■ Your task: Find, in the records below, the line that contains "istock Mysterious man" and the line that contains "Visitors interacting with". Copy those two lines and everything between them exactly, but not the pictures.

■ Task material:
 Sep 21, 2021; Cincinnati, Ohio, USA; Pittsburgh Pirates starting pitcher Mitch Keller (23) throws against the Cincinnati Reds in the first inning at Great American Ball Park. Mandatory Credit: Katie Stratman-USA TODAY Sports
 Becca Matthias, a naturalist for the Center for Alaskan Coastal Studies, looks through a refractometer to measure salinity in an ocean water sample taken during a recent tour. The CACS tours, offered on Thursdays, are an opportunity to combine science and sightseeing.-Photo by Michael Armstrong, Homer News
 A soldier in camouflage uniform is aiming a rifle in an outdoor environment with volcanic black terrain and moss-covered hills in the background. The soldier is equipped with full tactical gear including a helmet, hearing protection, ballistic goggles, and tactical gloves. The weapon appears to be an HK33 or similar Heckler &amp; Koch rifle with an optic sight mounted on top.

==

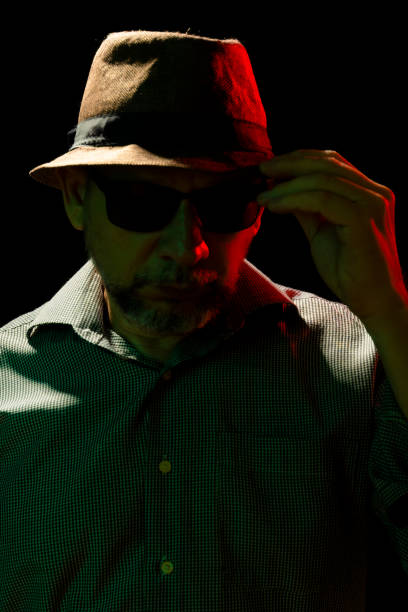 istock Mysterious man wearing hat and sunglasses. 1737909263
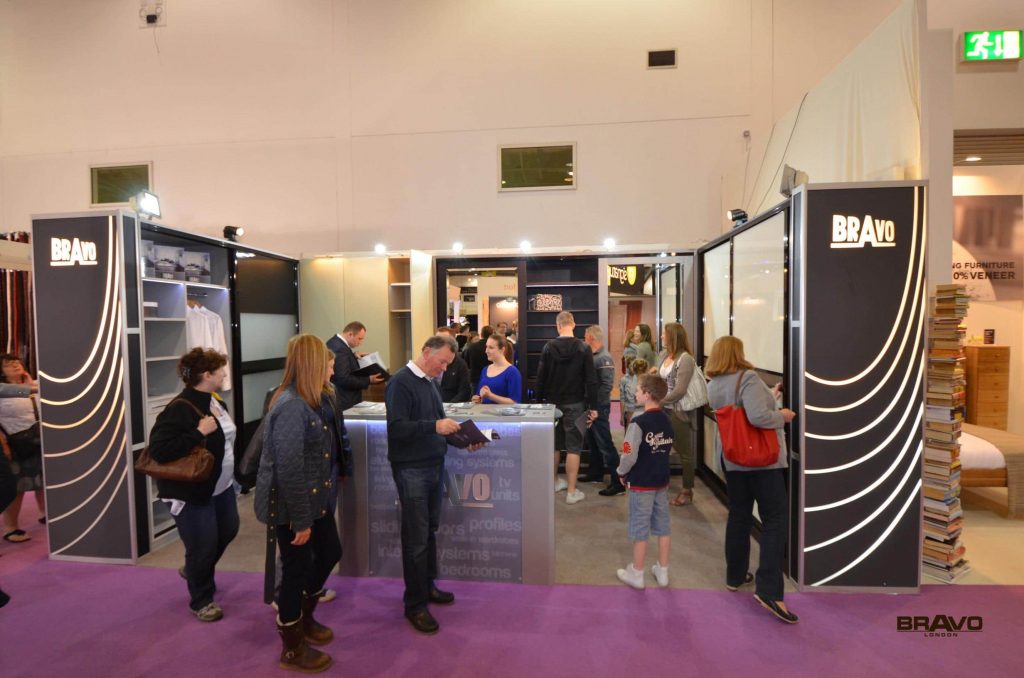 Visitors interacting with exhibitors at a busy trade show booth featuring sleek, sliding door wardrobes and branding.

■ Completed exercise:
 istock Mysterious man wearing hat and sunglasses. 1737909263
 Visitors interacting with exhibitors at a busy trade show booth featuring sleek, sliding door wardrobes and branding.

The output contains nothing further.